Maybe you have heard the saying "we'll take care of that in user training". The notion that problems users have can be resolved by user training is severely flawed. Yet entire departments rally around this belief and worse many companies seem to wrap product management around it.
The idea that you can educate users about how to use a user interface is misguided. The goal of usability is to create intuitive user interfaces. Intuitive means the design does not require understanding. Help and "user education" presupposes that both of these goals are possible.
My personal and professional experience tells me they are not. Maybe I am not typical: I don't read user manuals, I struggle with help systems and I go for defaults over configuring options. In fact those three behaviors are very typical of the "average user".

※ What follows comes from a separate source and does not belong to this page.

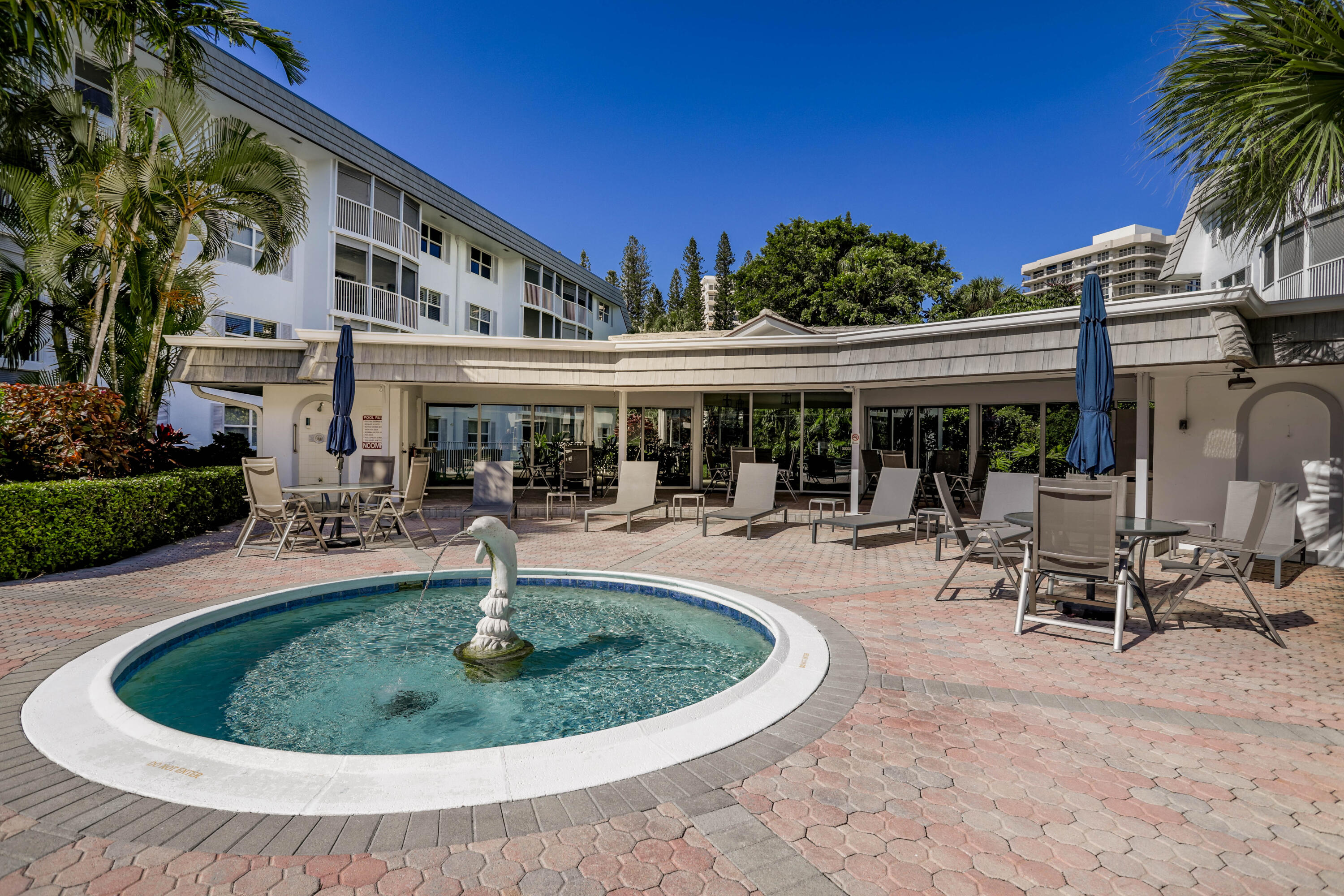 800 East Camino Real, Unit 204 Boca Raton, FL 33432 - Photo 30 of 39 a view of a house with swimming pool and sitting area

At Experience Dynamics, I occasionally work with clients who have structured their entire user experience efforts around a User Education Department. This type of department writes documentation and help manuals and systems in order to "clean up" on confusion created by complex software, Web applications and Web sites. The idea is that with a little help, a user can be trained.
As someone who spends a lot of time with end users observing them interact with these same interfaces and help systems created by those same user education departments, I can tell you categorically that the intention does not match the reality. If it's not intuitive, you're in trouble...help or not.
Should you design help systems if they don't help?
Last week in Seattle there was a User Assistance (UA) conference, a regular conference for professionals in this area. Even usability thought leader Jared Spool spoke at the conference...
If 'help doesn't' then what are UA professionals such as those at last week's conference doing wasting their time? What is a company doing wasting time putting a help system in a design?
UA seems to be a 'necessary evil' in interface design. While user "training" can help ease the burden of disorientation, it is ineffective as a method for increasing the important usability metrics of ease of use, ease of learning or ease of understanding.
Don't get me wrong, you still need to build help systems-- just don't rely on them as a mechanism that will realistically save your design. What I object to is not the existence of UA, but rather the reliance on it by developers, designers and product managers as a way to brush away usability requirements. I have been in too many meetings where everyone nods their head to the sound of "that's just a user training issue" or "the user can just hit help or click here for help".
User Error, Lazy and Stupid Users and What to do about Them
While preparing this post, I mentioned to a colleague the premise of this article and he said:
Please tell that to my current project team. Man, they get so angry at the users' "incompetence" and "laziness" because they struggle and don't read the massive bibles of "User Assistance" for our web application...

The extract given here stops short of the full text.